Wednesday, August 29th, 2012

'Rebecca': The Real Housewives Of Cornwall County

Oh, DAPHNE. Daphne. "Last night I dreamt I went to Manderley again." THAT'S how you open a novel, guys! Right there. Make it count. What's Manderley? Why aren't you there now? Why are you telling me about it? We have so many questions, and we've barely used our old-timey paper knives to cut open the first few leaves. (Just kidding! This book is from the 1930s, the leaves were already cut for you. Which is good, really, because I don't even like to have to turn my Kindle on, and instead just leave it in sleep-mode all the time, you know?) No, the first chapter of the novel is not only completely perfect in every way, it must have inspired Our Girl Shirley Jackson when she came up with "The Haunting of Hill House" twenty years later. Remember? "No live organism can continue for long to exist sanely under conditions of absolute reality; even larks and katydids are supposed, by some, to dream. Hill House, not sane, stood by itself against its hills, holding darkness within; it had stood so for eighty years and might stand for eighty more. Within, walls continued upright, bricks met neatly, floors were firm, and doors were sensibly shut; silence lay steadily against the wood and stone of Hill House, and whatever walked there, walked alone." Bingo!
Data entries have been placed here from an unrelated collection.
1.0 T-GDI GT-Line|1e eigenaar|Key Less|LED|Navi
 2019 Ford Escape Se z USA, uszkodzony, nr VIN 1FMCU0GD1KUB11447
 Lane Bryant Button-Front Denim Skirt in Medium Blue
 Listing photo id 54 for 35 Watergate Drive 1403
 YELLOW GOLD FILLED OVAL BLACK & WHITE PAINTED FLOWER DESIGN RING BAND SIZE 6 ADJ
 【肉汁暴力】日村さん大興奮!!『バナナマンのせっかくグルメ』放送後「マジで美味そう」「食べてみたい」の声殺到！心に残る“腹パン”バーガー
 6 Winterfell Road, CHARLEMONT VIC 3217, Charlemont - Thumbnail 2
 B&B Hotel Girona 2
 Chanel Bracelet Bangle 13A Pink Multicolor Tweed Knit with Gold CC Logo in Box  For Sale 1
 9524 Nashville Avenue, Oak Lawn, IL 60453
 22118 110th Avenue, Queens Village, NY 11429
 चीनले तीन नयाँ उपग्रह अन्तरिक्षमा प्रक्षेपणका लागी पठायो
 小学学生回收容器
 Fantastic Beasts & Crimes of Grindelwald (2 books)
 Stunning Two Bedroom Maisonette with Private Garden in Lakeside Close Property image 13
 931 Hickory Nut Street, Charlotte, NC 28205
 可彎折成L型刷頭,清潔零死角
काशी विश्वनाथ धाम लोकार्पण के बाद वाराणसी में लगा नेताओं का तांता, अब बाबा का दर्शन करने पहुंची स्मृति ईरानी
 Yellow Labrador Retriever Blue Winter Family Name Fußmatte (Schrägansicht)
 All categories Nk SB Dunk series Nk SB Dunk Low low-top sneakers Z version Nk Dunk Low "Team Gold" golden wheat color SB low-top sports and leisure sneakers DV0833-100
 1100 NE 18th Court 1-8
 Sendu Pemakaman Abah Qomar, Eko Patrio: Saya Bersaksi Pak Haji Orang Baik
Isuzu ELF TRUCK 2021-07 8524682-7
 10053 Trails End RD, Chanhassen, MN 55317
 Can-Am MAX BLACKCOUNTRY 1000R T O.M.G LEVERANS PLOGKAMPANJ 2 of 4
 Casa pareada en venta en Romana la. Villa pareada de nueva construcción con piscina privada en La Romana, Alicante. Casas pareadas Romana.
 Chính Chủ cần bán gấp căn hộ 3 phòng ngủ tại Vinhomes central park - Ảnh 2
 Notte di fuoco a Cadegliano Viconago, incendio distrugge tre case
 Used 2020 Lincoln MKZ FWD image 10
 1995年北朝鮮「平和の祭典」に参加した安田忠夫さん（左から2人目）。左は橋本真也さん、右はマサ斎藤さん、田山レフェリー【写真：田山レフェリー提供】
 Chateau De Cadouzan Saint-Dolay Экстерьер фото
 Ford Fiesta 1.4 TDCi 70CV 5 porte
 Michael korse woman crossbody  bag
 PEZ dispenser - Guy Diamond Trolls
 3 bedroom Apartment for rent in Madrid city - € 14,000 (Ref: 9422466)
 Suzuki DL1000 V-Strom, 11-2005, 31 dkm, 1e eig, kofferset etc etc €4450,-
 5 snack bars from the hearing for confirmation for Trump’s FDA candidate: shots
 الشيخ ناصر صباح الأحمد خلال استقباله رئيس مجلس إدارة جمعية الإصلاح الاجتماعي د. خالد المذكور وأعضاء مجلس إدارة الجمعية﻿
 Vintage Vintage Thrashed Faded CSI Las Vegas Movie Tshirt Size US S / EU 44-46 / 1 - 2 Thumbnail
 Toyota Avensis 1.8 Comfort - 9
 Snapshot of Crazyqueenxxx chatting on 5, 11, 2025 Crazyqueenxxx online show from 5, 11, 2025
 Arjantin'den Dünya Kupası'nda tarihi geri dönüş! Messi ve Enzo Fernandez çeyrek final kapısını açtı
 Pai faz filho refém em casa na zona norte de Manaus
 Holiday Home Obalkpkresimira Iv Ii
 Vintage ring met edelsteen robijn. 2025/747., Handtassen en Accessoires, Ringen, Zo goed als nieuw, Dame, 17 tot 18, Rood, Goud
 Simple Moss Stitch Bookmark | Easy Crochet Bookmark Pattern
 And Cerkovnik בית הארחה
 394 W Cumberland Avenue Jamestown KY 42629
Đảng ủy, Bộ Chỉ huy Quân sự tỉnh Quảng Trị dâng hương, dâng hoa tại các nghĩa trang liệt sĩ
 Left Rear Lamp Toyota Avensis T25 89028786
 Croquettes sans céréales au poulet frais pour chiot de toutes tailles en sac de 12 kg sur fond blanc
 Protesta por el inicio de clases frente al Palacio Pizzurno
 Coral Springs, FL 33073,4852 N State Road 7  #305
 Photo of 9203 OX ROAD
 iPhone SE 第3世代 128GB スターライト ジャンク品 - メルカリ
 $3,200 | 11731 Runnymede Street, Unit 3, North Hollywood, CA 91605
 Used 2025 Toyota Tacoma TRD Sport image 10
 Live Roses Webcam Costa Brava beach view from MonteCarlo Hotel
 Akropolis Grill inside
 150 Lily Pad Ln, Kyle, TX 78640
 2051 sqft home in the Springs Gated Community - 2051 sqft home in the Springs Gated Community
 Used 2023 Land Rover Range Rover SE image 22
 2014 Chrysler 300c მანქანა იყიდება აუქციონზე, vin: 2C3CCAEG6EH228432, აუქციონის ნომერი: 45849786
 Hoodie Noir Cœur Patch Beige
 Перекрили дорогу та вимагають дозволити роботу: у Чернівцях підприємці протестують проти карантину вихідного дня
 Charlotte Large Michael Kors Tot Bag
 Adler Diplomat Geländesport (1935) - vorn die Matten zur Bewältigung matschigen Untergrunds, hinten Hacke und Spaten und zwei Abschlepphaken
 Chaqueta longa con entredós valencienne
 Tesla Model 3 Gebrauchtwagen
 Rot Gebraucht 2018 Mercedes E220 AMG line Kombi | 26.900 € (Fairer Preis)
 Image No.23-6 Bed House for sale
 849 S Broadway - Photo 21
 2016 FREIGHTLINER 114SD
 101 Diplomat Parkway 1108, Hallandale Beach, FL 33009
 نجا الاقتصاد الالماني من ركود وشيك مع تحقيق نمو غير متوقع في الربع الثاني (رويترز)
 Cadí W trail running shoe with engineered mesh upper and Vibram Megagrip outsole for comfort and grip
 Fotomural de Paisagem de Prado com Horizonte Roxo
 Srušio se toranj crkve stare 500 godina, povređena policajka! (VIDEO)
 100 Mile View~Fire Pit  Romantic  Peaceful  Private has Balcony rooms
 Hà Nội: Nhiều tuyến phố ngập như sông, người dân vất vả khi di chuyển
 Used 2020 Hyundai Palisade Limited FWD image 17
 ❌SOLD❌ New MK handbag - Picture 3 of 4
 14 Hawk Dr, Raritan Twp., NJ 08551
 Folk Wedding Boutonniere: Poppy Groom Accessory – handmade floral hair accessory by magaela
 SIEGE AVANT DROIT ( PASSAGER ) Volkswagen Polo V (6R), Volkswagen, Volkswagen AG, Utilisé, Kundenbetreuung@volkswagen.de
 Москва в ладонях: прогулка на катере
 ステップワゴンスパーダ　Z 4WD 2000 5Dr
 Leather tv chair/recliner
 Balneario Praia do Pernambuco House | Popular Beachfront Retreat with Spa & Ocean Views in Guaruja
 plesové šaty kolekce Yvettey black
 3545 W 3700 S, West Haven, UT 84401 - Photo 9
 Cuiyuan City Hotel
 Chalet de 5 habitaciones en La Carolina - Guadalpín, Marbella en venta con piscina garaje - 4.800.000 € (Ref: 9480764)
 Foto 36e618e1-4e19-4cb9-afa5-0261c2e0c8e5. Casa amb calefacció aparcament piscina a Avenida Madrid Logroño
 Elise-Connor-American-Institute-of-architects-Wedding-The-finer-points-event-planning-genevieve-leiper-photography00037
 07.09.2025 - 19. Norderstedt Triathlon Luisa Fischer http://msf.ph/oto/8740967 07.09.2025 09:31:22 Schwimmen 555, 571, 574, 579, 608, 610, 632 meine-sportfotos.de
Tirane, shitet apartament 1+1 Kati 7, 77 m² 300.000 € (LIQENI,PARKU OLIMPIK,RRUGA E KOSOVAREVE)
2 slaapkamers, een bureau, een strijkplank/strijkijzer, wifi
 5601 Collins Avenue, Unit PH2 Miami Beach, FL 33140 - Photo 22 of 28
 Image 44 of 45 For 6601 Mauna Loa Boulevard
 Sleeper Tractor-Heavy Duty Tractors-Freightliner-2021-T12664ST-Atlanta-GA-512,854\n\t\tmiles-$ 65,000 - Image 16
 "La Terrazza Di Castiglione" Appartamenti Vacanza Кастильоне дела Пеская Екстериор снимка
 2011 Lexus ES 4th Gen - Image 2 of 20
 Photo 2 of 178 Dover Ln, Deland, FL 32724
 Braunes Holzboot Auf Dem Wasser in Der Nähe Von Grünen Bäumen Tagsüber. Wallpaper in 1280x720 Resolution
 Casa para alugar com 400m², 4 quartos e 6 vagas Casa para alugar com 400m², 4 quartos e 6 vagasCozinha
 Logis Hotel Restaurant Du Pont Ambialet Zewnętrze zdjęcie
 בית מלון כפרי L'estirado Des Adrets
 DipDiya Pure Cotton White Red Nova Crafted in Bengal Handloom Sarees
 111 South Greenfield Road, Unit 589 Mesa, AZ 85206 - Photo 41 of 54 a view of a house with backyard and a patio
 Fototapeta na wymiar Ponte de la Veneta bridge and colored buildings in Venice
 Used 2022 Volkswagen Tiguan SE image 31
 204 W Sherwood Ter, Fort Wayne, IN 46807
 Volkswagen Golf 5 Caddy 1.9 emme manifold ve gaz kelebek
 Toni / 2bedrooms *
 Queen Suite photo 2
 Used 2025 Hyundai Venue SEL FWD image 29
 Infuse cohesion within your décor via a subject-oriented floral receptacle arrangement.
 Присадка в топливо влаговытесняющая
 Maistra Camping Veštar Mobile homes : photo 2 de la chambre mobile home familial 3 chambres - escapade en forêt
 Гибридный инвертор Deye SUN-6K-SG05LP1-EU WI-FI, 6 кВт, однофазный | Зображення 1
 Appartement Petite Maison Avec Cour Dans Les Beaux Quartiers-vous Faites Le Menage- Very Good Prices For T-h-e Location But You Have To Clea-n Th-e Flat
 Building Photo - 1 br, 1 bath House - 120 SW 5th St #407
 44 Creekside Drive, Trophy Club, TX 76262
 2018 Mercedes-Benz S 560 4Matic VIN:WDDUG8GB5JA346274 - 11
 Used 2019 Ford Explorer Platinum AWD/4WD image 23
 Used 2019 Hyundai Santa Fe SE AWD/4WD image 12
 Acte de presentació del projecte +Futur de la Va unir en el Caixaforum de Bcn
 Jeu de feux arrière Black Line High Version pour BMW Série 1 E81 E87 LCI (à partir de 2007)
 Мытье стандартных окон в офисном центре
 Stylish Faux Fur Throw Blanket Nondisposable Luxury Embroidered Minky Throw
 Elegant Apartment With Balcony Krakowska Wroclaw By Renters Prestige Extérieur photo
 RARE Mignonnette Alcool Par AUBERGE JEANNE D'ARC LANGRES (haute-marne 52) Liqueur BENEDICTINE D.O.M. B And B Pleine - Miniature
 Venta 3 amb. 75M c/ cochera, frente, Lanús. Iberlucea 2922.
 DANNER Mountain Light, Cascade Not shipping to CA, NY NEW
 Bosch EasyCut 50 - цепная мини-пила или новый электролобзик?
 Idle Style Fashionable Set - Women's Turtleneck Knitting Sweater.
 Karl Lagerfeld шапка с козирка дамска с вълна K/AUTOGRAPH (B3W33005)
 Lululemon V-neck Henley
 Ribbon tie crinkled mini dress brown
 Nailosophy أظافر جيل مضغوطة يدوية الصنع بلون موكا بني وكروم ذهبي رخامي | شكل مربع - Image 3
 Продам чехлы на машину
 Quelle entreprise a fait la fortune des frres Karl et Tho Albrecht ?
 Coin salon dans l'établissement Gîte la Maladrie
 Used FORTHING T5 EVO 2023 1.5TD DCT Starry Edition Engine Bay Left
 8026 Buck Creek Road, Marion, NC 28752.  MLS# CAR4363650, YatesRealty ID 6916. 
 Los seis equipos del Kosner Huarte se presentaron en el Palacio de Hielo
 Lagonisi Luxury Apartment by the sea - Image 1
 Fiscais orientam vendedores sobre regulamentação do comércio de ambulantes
Sure, maybe it's just your generic "this old house is full of seeeeeecrets and andirons you could never find at Restoration Hardware" schtick, but, let's face it, everyone who wrote after du Maurier owes a debt to du Maurier. "The Birds"? That was her, too! So, obviously du Maurier is a genius, let's talk about Rebecca.

THAT BITCH. Or, was she? Twist! No, see, the thing is, we're never quite sure if she was really a monster or not, right? Du Maurier was influenced by Jane Eyre, and let's just say that we're still waiting for someone to Wide Sargasso Sea our friend, the first Mrs. Maxim de Winter. Maybe Maxim is the monster! Maybe they were both monsters, in that full-on Who's Afraid of Virginia Woolf-y way of the couple that enjoys embarrassing dinner guests with their performative fighting. Which brings me to my other contention: God, what Andy Cohen would have given to get his hot little hands on these people. Are they not made for reality TV? It wouldn't have been Mrs. Danvers putting a bug in our heroine's ear about replicating that damned outfit for the big party, that's for sure. "Hey… do you know what would be SO MUCH FUN?" Totally. No one would have been killed, either, it would have been three seasons of wine-throwing and shouting and make-up-sex and pointed interviews in Us Weekly, followed eventually by divorce and more interviews and a ghost-written (hee!) cookbook.

Let's think about how we would have conducted ourselves differently, were we the unnamed heroine (let's call her "Mallory," just to make it easier to talk about her). Hands up if you would have immediately packed off Mrs. Danvers! "Oh," Mallory says, wispily, "oh, Maxim would have been cross." Whatever, Mallory. You're the hot young thing, he's the cranky widower. Blow him, then say "I really must insist we let Danvers go. Let's shine some new light into the place!" Then, literally, rip out all the tapestries and curtains and let a team of closeted 1930s homosexuals go nuts with Maxim's line of credit until you're in a few magazines. Right? Alternatively, burn the place down, and go live in Monte Carlo. Or whatever country they play cards in in Casino Royale—Montenegro? Any place with a bunch of little cafes and a Chanel store. Cornwall is not for the young and beautiful, Mallory. And I bet Manderley is ruinously expensive to heat. You can feel the damp radiating off the walls from here. I don't know how the humidity suits YOUR hair…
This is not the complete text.